[c-nsp] BGP Balanced

Thu Aug 26 04:46:09 EDT 2004

 Rodney,

Brilliant answer !!!!!
I hope we'll see more of that kind :)

With kind regards/ met vriendelijke groeten,
--------------------------------------------------------
Jeff Tantsura
CCIE #11416
Senior Consultant
Capgemini Nederland BV
Tel: +31(0)30 689 2866
Mob:+31(0)6 4588 6858
Fax: +31(0)30 689 6565
--------------------------------------------------------

-----Original Message-----
From: cisco-nsp-bounces at puck.nether.net
[mailto:cisco-nsp-bounces at puck.nether.net] On Behalf Of Rodney Dunn
Sent: Wednesday, August 25, 2004 3:14 PM
To: Alex Rubenstein
Cc: Gert Doering; cisco-nsp at puck.nether.net
Subject: Re: [c-nsp] BGP Balanced

There seems to be enough confusion on this so let me clarify.

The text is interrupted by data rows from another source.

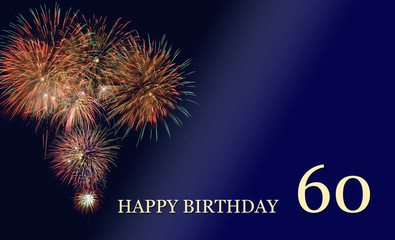 congratulation and happy birthday 60th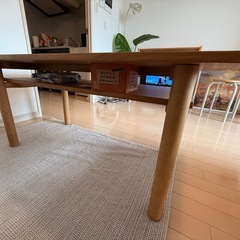 無印良品／木製ローテーブル　オーク材 の画像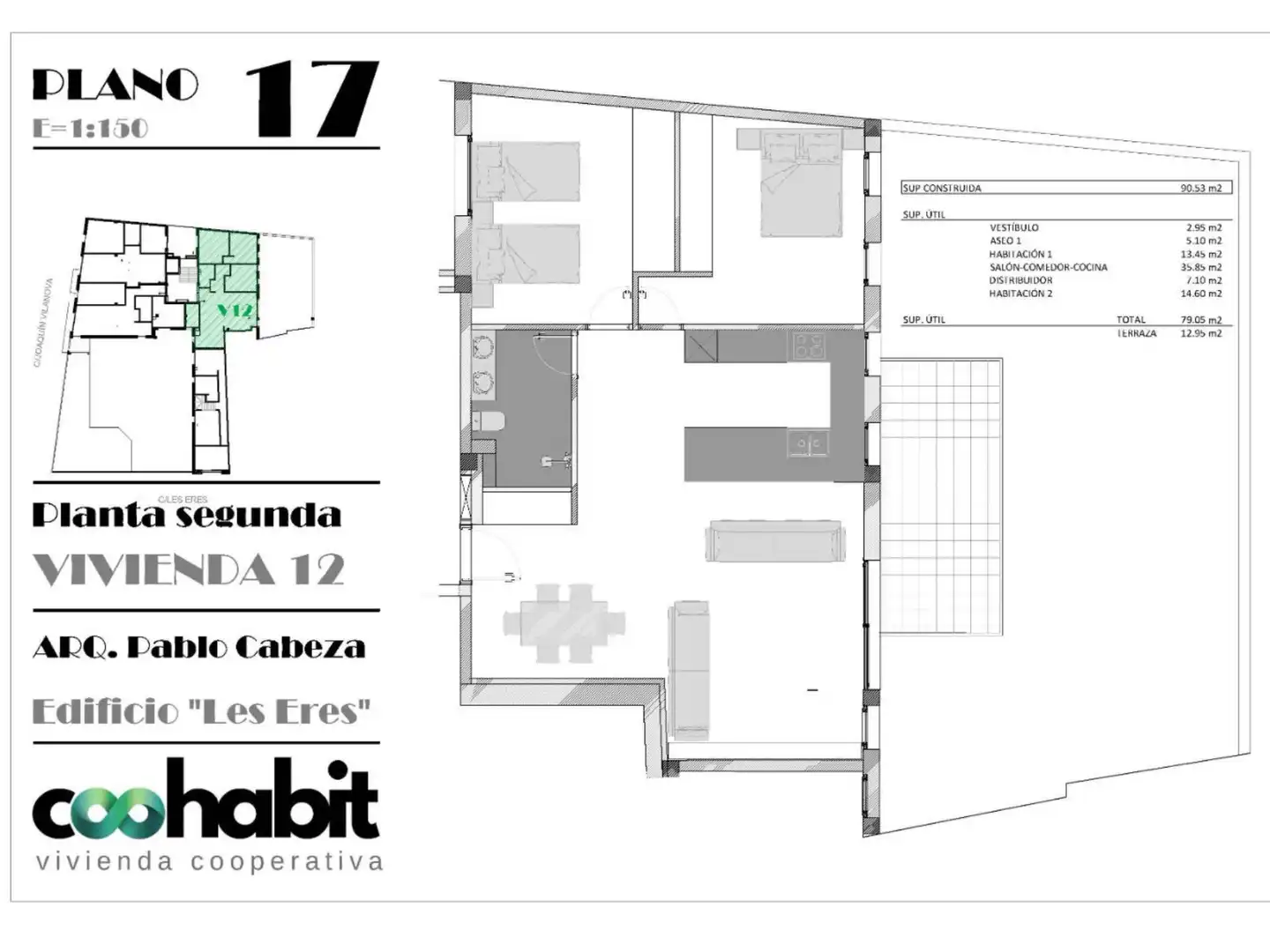 Flat for sale in Ibi  with Heating, Private garden and Parquet flooring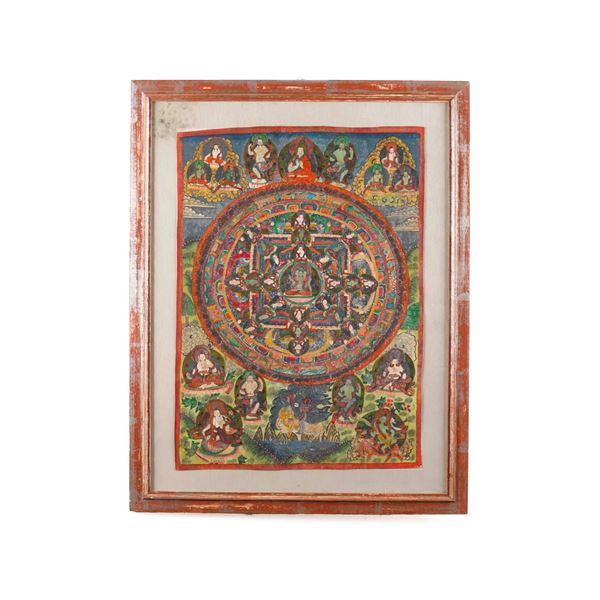 Thangka con Mandala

There are really 4 ways to do load balancing at the packet level:

a) per packet
b) per destination/prefix
c) load balancing at L2 (ie: portchannels, MLPPP, etc)
d) some other combination of parameters to do path selection

a) That makes sense.  If you have two paths you round robin
   every other packet over the links.  Benefit, you get pretty
   equal load on both links.  Drawback, you can and will have
   out of order packets.
   Packets that are process switched by the router are handled
   this way so it's one reason why you never want the router
   to be process switching data.

b) When I say per destination/prefix I mean that every packet
   that has a destination address that matches a given route
   would be forwarded down the path that is cached for that prefix.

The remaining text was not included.